No Ordinary Joe

WVU forward Joe Alexander shared his thoughts on being named to the all-Big East first team on Monday as selected by the league's coaches.

Remember the tall, skinny kid who toiled on the end of West Virginia's bench during the 2005-06 Sweet Sixteen season? While the Kevin Pittsnogle and Mike Gansey were bombing their way to all-Big East seasons, Joe Alexander sat.

And then he sat, and continued to sit. And would you believe it? He even sat some more. In all, Alexander played in just 10 games for the Mountaineers, totaling 36 minutes of action as WVU traveled from Pauley Pavilion to Madison Square Garden and many points in between, coming within a whisker of a second consecutive Elite Eight appearance were it not for some last-second heroics by Texas guard Kenton Paulino.

Despite the lack of PT and abundance of pine time, Alexander still left Mountaineer fans far and wide ooh-ing and ahh-ing if only during pregame warmups, when he would routinely put on a high-flying dunk routine that was perhaps a sign of things to come from the raw but athletic rookie.

The next season, as a sophomore, Alexander was thrust into a starting role, playing more minutes combined in the first two games than he did during the entire 2005-06 season. Looking back, his averages of 10 points and four rebounds per game were more than respectable.

However, anyone who watched Alexander closely down the stretch last year could easily tell that he was not the same player who had been productive if not brilliant earlier in the season, peaking with a 23-point performance in a home win over DePaul at the Coliseum. Whereas points and productivity had been plentiful during the months of December, January and parts of February, Alexander's numbers down the stretch declined rapidly.

Compounding matters was the departure of head coach John Beilein, or so it seemed. When famed alum Bob Huggins was hired to coach his alma mater, however, things changed for Alexander.

Over the summer, the rising junior added more than 20 pounds of muscle to his 6-foot-8 frame. And with Huggins' history of developing post presences such as Danny Fortson, Kenyon Martin and Jason Maxiell, Alexander seemed to be the perfect project for the new head coach to work with in year one of his homecoming.
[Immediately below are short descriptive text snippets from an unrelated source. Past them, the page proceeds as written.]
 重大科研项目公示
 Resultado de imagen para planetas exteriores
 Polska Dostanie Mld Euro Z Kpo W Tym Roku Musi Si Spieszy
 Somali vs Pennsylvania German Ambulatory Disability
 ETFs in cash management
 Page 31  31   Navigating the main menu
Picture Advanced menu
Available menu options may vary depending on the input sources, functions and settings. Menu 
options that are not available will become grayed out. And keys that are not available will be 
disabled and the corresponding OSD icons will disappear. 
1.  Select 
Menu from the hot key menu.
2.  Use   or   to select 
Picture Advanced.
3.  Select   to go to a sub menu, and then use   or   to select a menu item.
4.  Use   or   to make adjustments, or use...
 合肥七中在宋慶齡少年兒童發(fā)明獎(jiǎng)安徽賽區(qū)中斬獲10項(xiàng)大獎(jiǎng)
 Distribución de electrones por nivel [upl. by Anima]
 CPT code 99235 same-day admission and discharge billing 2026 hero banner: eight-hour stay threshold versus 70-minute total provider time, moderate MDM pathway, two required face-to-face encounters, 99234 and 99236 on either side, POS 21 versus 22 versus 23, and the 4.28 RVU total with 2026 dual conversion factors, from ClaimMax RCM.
Needless to say, it has paid off. Alexander, no longer the wiry benchwarmer relegated to the pregame slam dunk show, has used the added bulk and Hall of Fame wisdom of Huggins to transform both his body and his game to a dominant state which in the past three outings has produced totals of 32, 32 and 29 points, respectively.

Unlike last season's slide, Alexander has saved his best for last. On Monday, the Big East tabbed him as the league's Player of the Week. Too, and certainly more of a tribute to the body of work he has put together over the course of the season, he is now WVU's fourth first team all-conference honoree in three seasons.
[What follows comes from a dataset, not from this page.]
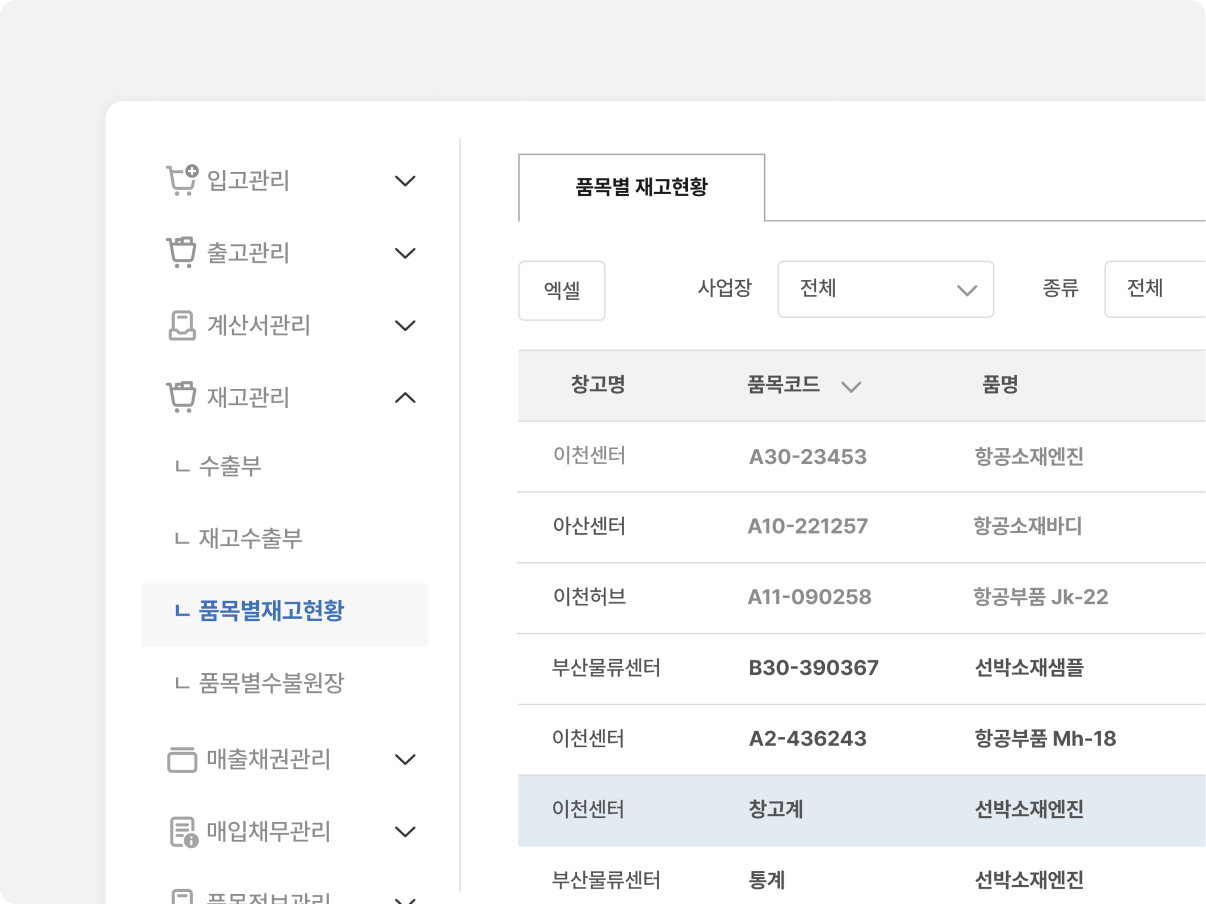 U+웍스 재고 관리 화면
While many who receive similar honors shrug off the awards as something they will likely not appreciate until they are old and gray, such is not the case with Alexander.

"I was happy about it," he said. "You can't say you don't care about it. As a player, everyone wants to be good, so you definitely care about it."

That being said, he is also quick to point out the impact of Huggins and assistants Billy Hahn, Larry Harrison and Erik Martin on his development as a player.

"I think having Huggs here has made it a lot easier to be honest," Alexander noted. "I don't see it happening without Huggs, and the rest of this coaching staff obviously.

"They just genuinely care about us as people and players, and they work hard for us. That's the biggest thing, is that they put in time for us after practice and watch film for us to break down the game. They really, genuinely care"

Add up the hardwork of the coaches with the time put in by Alexander on the court, in the film room and in the weight room, and honors such might only be the beginning of what's to come for the potential-laden forward turned all-conference pick.

"I've worked hard since I've been here, and I've always planned on getting to this point," he said. "Any player would want to have this kind of honor, and it's awesome."